$159M in 30 Days: New York City Permit Report — June 2026
New York City issued 430 residential building permits between May 11 – June 9, 2026, with a stated valuation of $159,468,441. This report breaks down that 30-day window: the headline totals, the leading permit categories, and how the city compares across the 8-metro June 2026 edition. The scope is deliberately narrow: residential building permits (single-family and small multi-family); commercial and sub-trade permits are excluded at ingest. This is not a count of all construction permits issued in each city. Every figure here comes from sealed-snapshot data — permit records captured, hashed, and frozen daily, then aggregated over the reporting window.
Key Findings
New York City recorded 430 residential building permits in 30 days, according to US Tech Automations' sealed permit snapshots.
Stated residential valuation totaled $159,468,441 over the window, per NYC Department of Buildings (DOB NOW) records via data.cityofnewyork.us (Socrata).
The median permit valuation was $204,720, second only to Scottsdale, according to the sealed snapshots.
General Construction / Initial Permit led with 227 permits, per the DOB NOW source data.
335 permits carried a stated valuation, for 77.9% coverage, according to the sealed snapshots.

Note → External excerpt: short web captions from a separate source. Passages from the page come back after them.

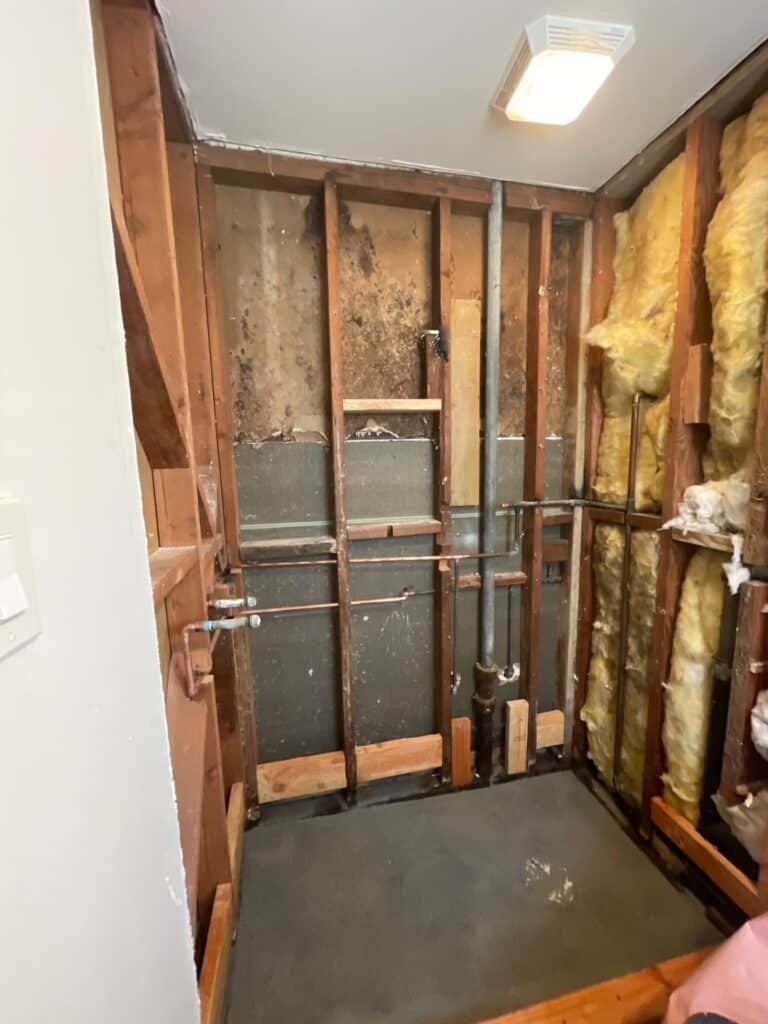 Bathroom wall opened to expose framing and pipes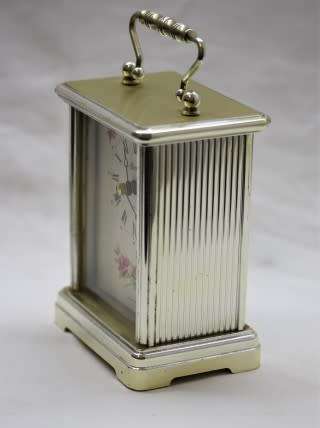 A gorgeous Hermle quartz table clock with a floral design, made in Germany.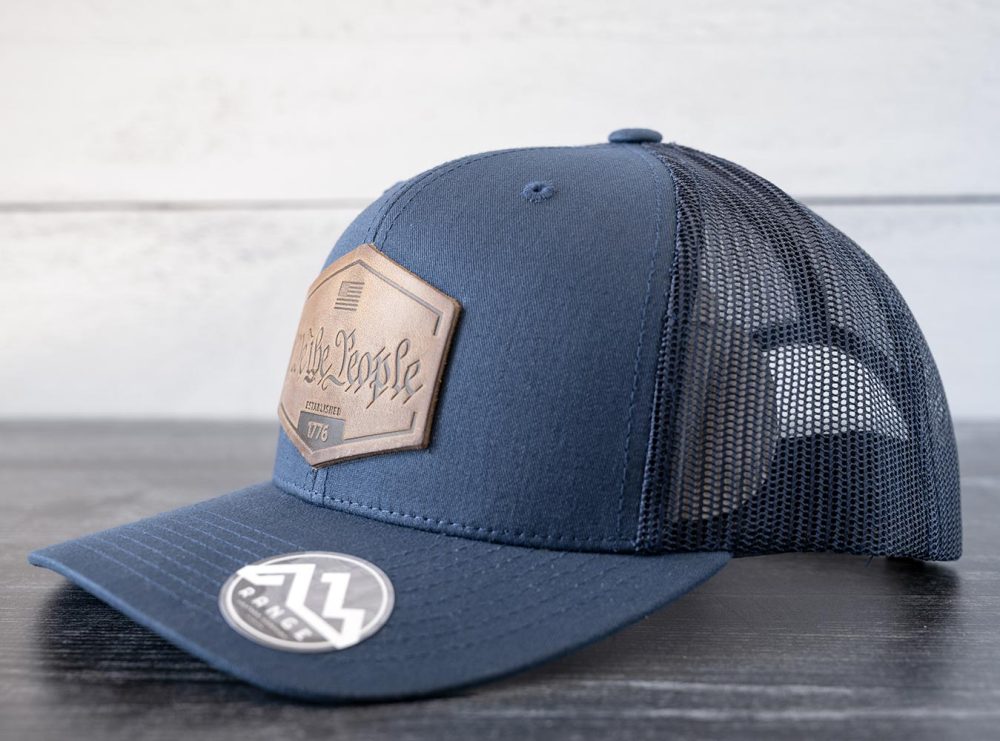 Right angled view of the RANGE Leather We the People hat in the color navy against a white and black rustic wood background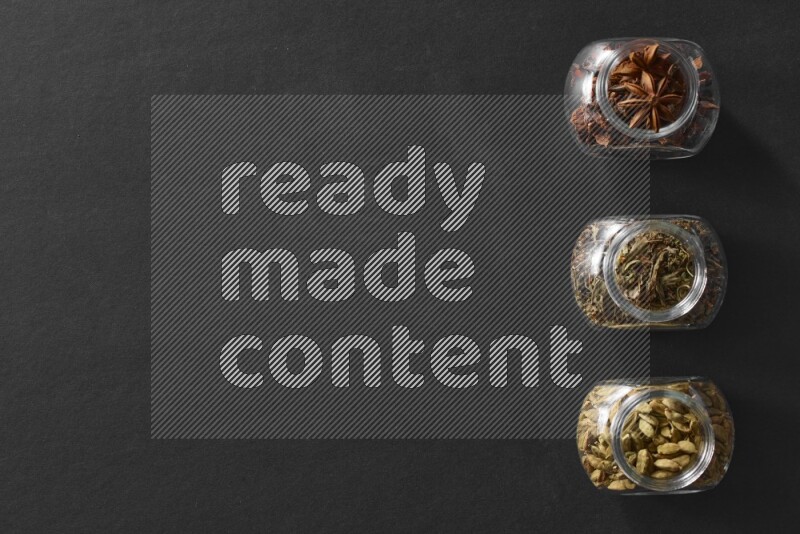 3 glass spice jars full of star anise, basil and cardamom on black flooring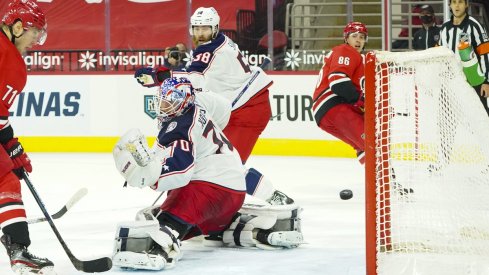 Teuvo Teravainen scores a second period goal past Columbus Blue Jackets goaltender Joonas Korpisalo 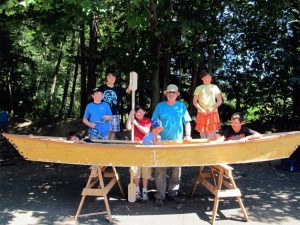 Tim Young stands with his young boat builders and their canoe.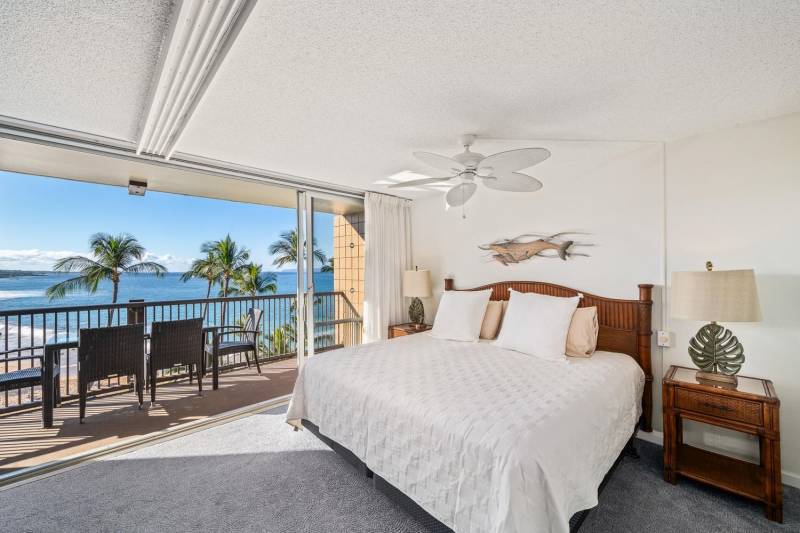 bedroom with doors to lanai and ocean views on maui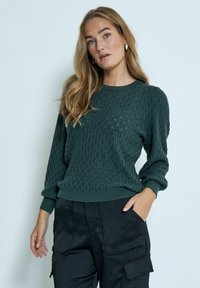 Maglione texture verde scuro con motivo a onde, polsini a coste e scollatura a girocollo, abbinato a pantaloni cargo neri.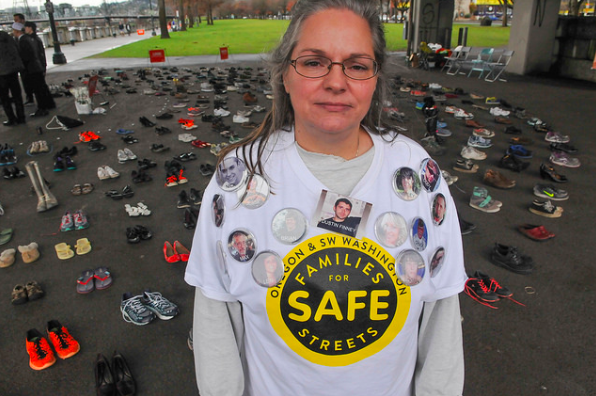 Kristi Finney, who lost her son Dustin when a truck driver hit him from behind while biking, stands before 421 pairs of shoes symbolizing each person killed in traffic in Oregon so far this year. “The average person is indifferent to this until it happens to them,” she told Bike Portland.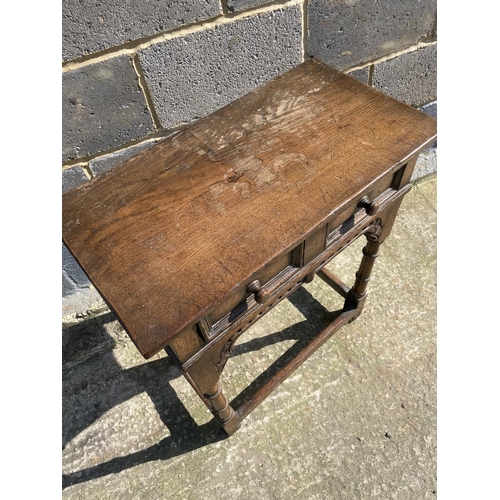 17 - A reproduction oak single drawer side table with carved decoration 61x33x71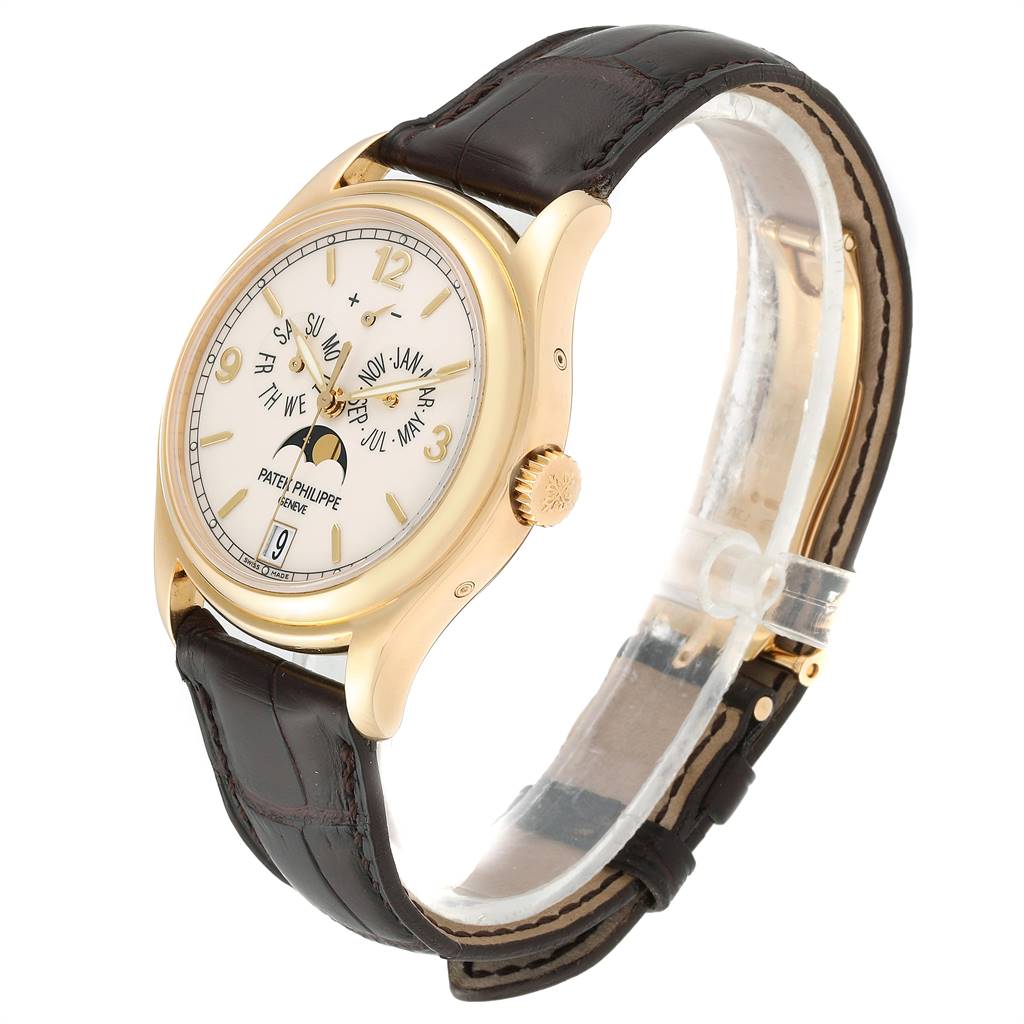 The Patek Philippe 5146J Men's Yellow Gold Beige Dial 5146J Men's Yellow Gold Beige Dial Complicated Annual Calendar 5146J model is shown at a three-quarter angle, highlighting the yellow gold case and leather strap.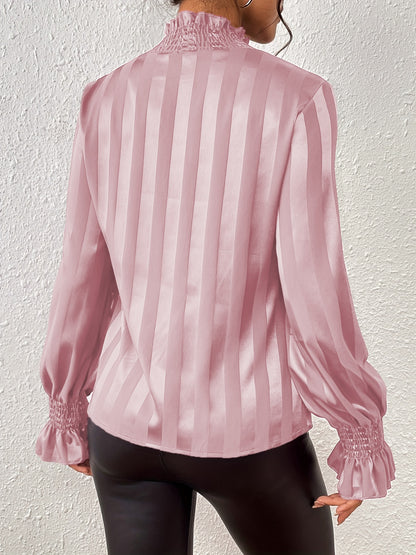 Blouse smockée à manches longues et col montant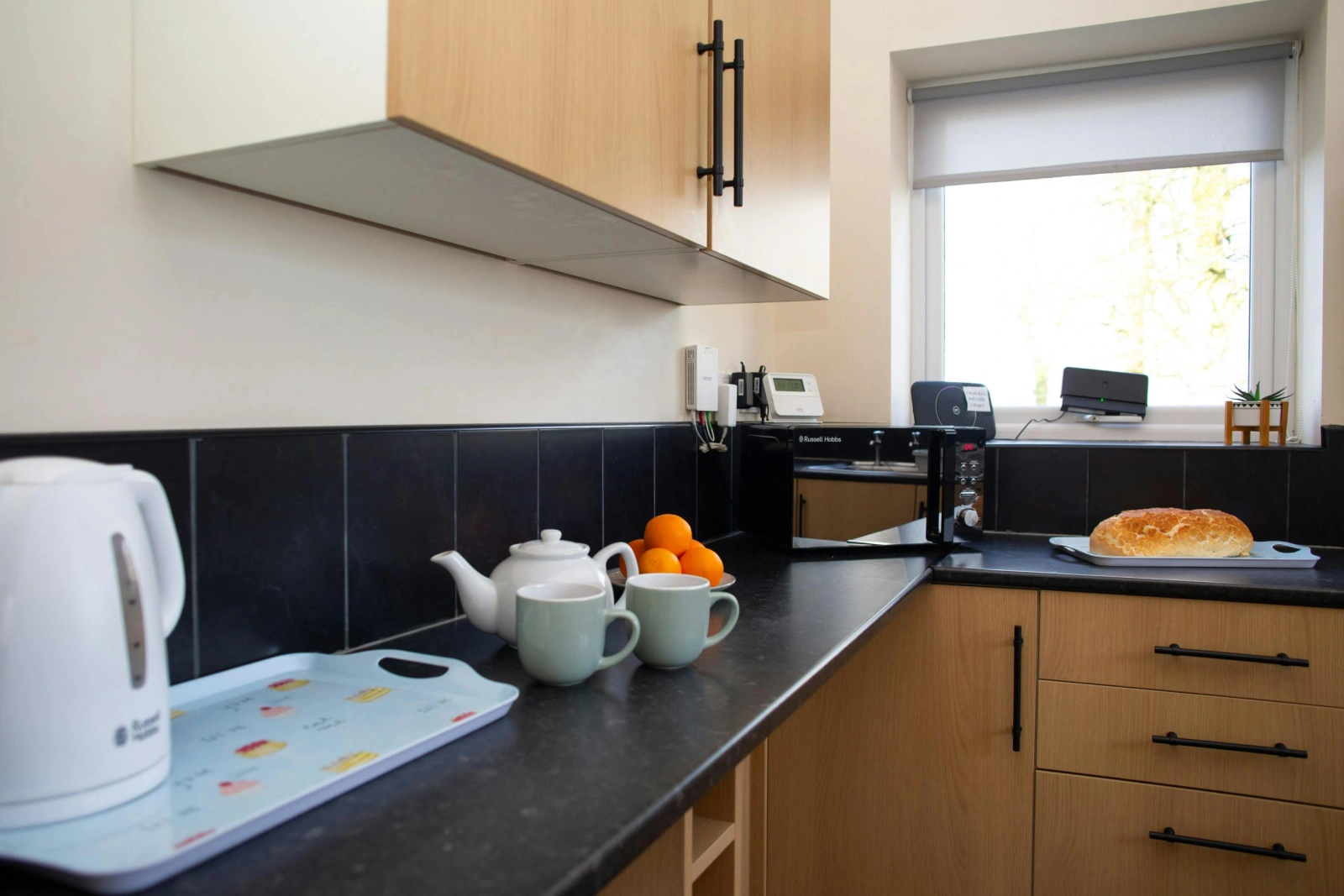 Kitchen with kettle and microwave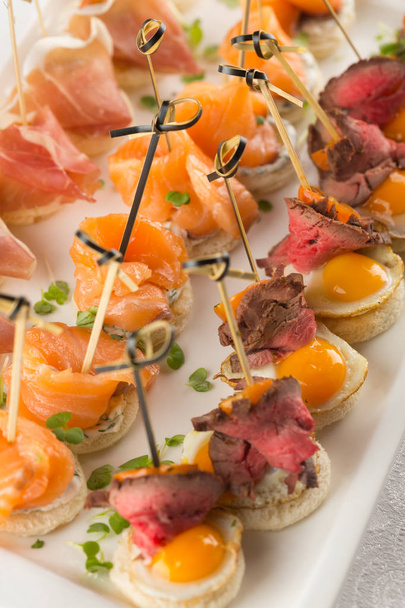 Festive Appetizer with quail egg, salmon and roast beef - Zdjęcie, obraz
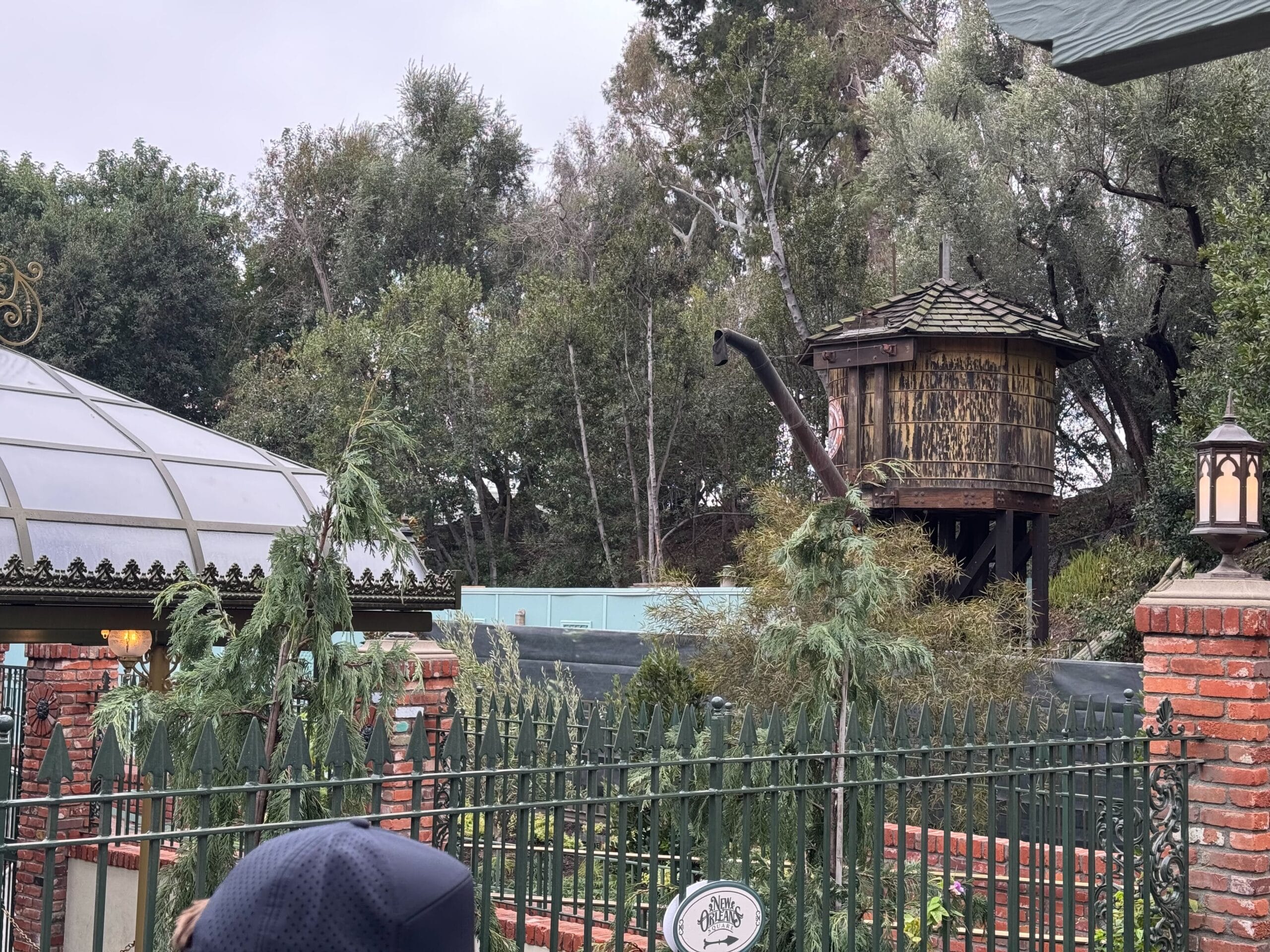 An outdoor scene featuring a water tower and greenhouse roof alongside brick structures evokes a quaint charm, reminiscent of the architectural style found in New Orleans Square. The setting is enveloped by trees and bordered by a dark metal fence, adding to its secluded allure.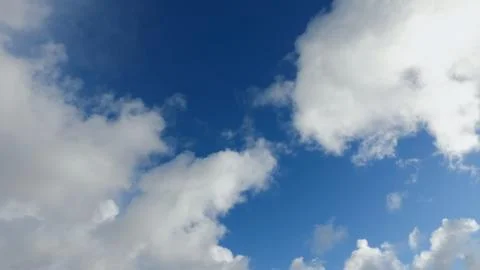 White clouds on a blue sky in cold winter day Stock Photos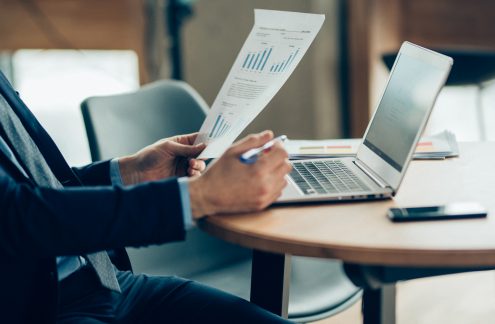 Businessman working on a laptop and reviewing paper with graphs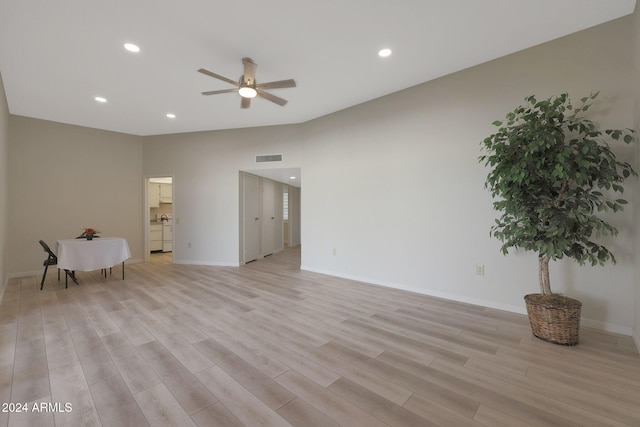 spare room featuring light wood-type flooring and ceiling fan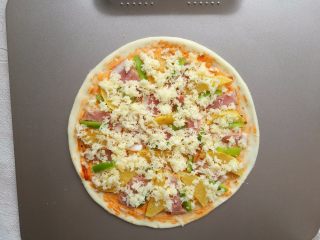 8、培根薯角薄底披萨,然后在面饼上刷一层意粉酱，均匀铺上芝士、薯角、培根和青椒丝。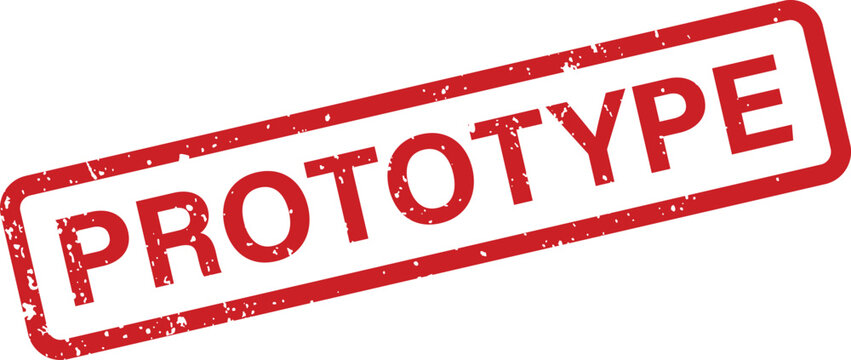 A distinctive red rubber stamp displaying the word PROTOTYPE inside a rectangular border on a pristine white surface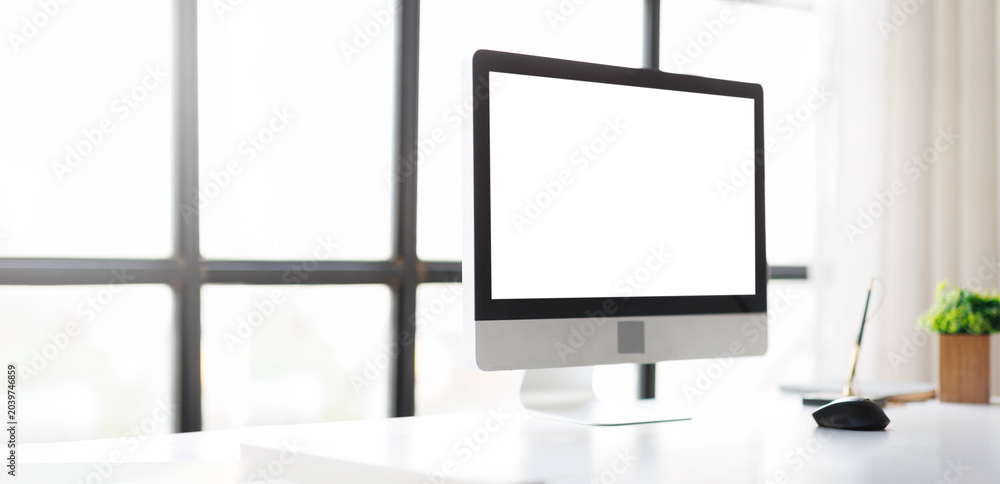 Fototapeta premium Modern computer display with a blank white screen on a sleek desk, providing ample copy space for creative mockups, showcasing a bright and minimalist workplace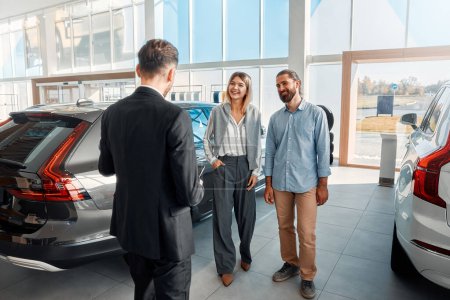 Photo for A salesman in a suit with a tablet consulting a couple of clients in a car dealership. Purchase, rental and insurance of a car. - Royalty Free Image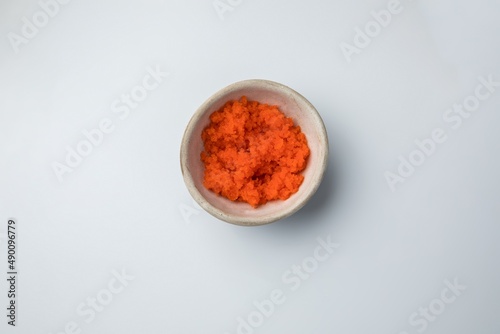 ceramic gravy boat with flying fish caviar tobiko on a white background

New York City Permit Activity, May 11 – June 9, 2026
The city's residential filter surfaced 430 permits over the window. What stands out is not the count — it is the size of the projects behind it. The median stated valuation of $204,720 dwarfs the medians in most other metros in this edition, and the single largest permit carried a stated valuation of $12,212,640.
| Metric | Value |
|---|---|
| Residential permits issued | 430 |
| Total stated valuation | $159,468,441 |
| Median permit valuation | $204,720 |
| Largest single permit valuation | $12,212,640 |
| Permits with stated valuation | 335 |
| Valuation coverage | 77.9% |
| Reporting window | May 11 – June 9, 2026 |
Valuation coverage means the share of permits that include a stated dollar value in the source record. In New York City, 335 of the 430 permits — 77.9% — carried one. The total of $159,468,441 reflects only those permits; permits without a stated value contribute to the count but not to the dollar figures. Nothing is imputed for the gap.
New York City's median residential permit valuation of $204,720 is second only to Scottsdale's $474,131 across the 8-metro panel — a signal that the typical permitted residential project in the city is substantial, not cosmetic.
This is a cross-sectional report. It makes no month-over-month or year-over-year claims, because the comparison history does not exist yet. What it offers instead is a precisely scoped, verifiable picture of one window.
The 30-day window itself — May 11 – June 9, 2026 — is shared across every metro in this edition, so the cross-metro figures later in this report compare like with like. Each jurisdiction's records arrive on its own publishing cadence, which is exactly why the snapshots are sealed daily: the aggregation reflects what the source systems actually published over the window, not a reconstruction after the fact.
Top Permit Categories
Three categories lead the New York City residential slice in this window, all of them initial permits rather than renewals — renewals without changes are excluded at ingest.
| Category | Permits |
|---|---|
| General Construction / Initial Permit | 227 |
| Structural / Initial Permit | 54 |
| Foundation / Initial Permit | 46 |
General Construction / Initial Permit dominates with 227 permits, the broad bucket for new residential construction work. The Structural / Initial Permit and Foundation / Initial Permit categories — 54 and 46 permits respectively — point to heavier, earlier-stage work: foundations and structural permits tend to mark ground-up projects or major alterations rather than light renovation.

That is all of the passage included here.